N plasma treatment on graphene oxide-MoS2 composites for improved performance in lithium ion batteries

Abstract

Petal-like graphene oxide-MoS2 (GO-MoS2) composites are prepared by the hydrothermal method. The structural characterizations confirm the metallic phase (1T) of MoS2 sheets with a few layers, and the uniform distribution of graphene oxide (GO) and MoS2. However, the functional groups on the surface of GO and the intrinsic low conductivity of MoS2 lead to the poor electrochemical performance of GO-MoS2 in lithium ion batteries. N-doped GO-MoS2 (N-GO-MoS2) composites are prepared by N plasma treatment on GO-MoS2 composites at room temperature. N is clearly confirmed to be doped into both graphene oxide and MoS2 uniformly, and MoS2 changes to semiconducting phase (2H). In lithium ion batteries, it is found that the initial capacity increases from 561.4 mAh g−1 for GO-MoS2 to 726.9 mAh g−1 for N-GO-MoS2 at 1 C. After 100 cycles, N-GO-MoS2 still exhibits capacity of 592.7 mAh g−1 (1.34 mAh g−1 loss per cycles and 81.5% capacity retention rate), which is much better than that of GO-MoS2 (only 31.6 mAh g−1 after 100 cycles).

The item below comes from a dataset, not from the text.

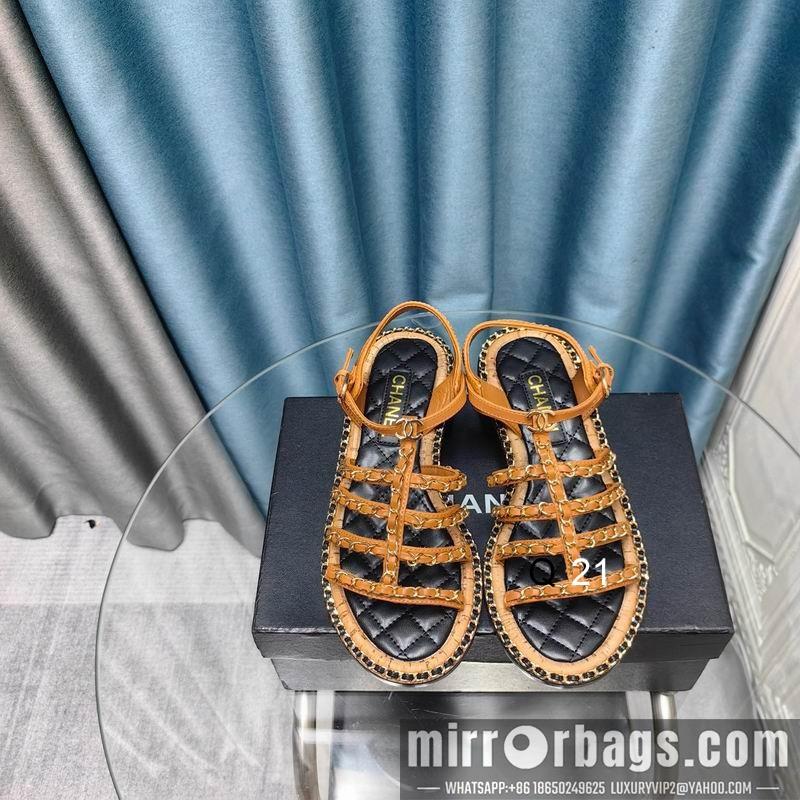 Chanel Replica Shoes sz35-40 YS0703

The significantly improved high-rate cycling electrochemical performance for N-GO-MoS2 can be attributed to the improved stability of MoS2 by the phase transition from 1T to 2H, the enhanced electron transportation by the reduction of graphene oxide to graphene and the simultaneous N doping in MoS2 and graphene oxide.